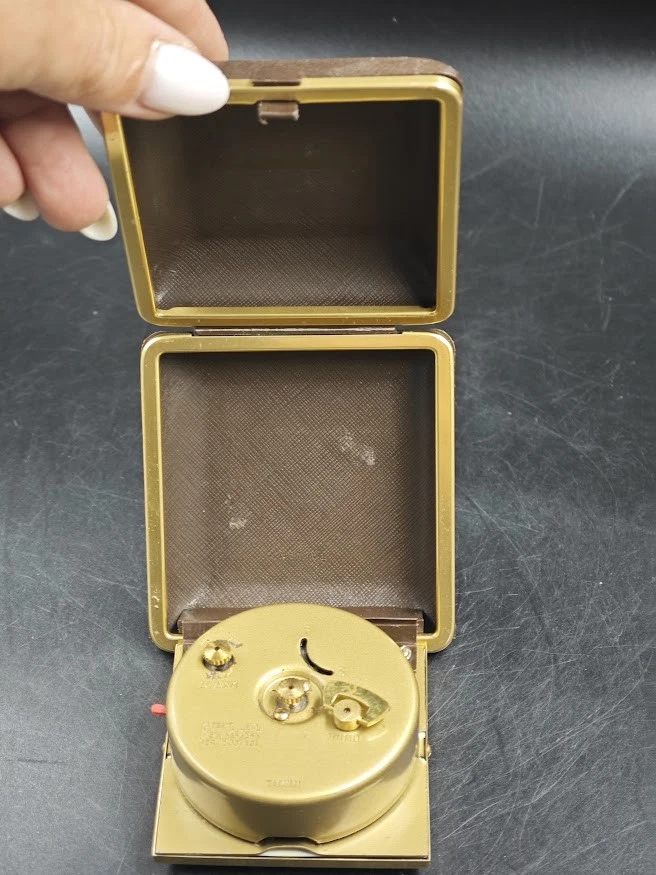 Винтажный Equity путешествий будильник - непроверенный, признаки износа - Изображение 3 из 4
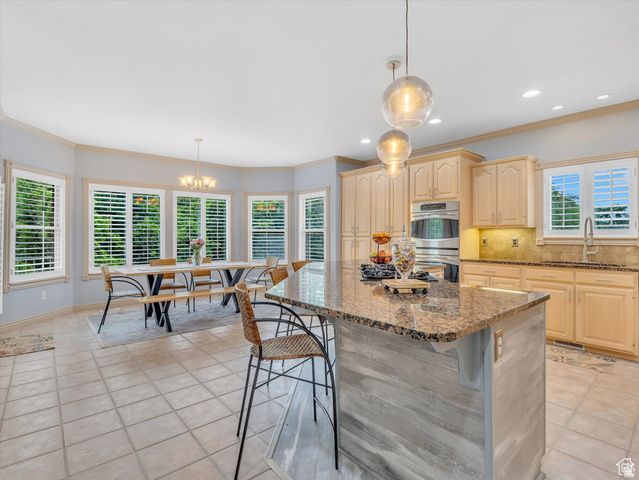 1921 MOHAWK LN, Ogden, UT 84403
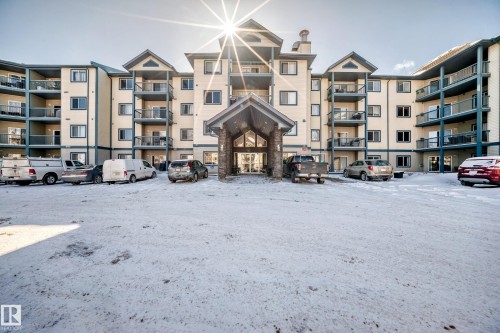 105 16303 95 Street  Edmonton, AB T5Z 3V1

* * *

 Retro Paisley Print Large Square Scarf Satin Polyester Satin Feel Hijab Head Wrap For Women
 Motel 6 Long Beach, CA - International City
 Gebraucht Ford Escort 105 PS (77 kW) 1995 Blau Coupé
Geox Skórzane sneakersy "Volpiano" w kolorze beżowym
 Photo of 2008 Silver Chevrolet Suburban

» Problem description
Write out exactly the lines above from the line with "Geox Skórzane sneakersy" through the line with "Photo of 2008 Silver Chevrolet Suburban", both of them included, and leave out all other lines.

» Task answer
Geox Skórzane sneakersy "Volpiano" w kolorze beżowym
 Photo of 2008 Silver Chevrolet Suburban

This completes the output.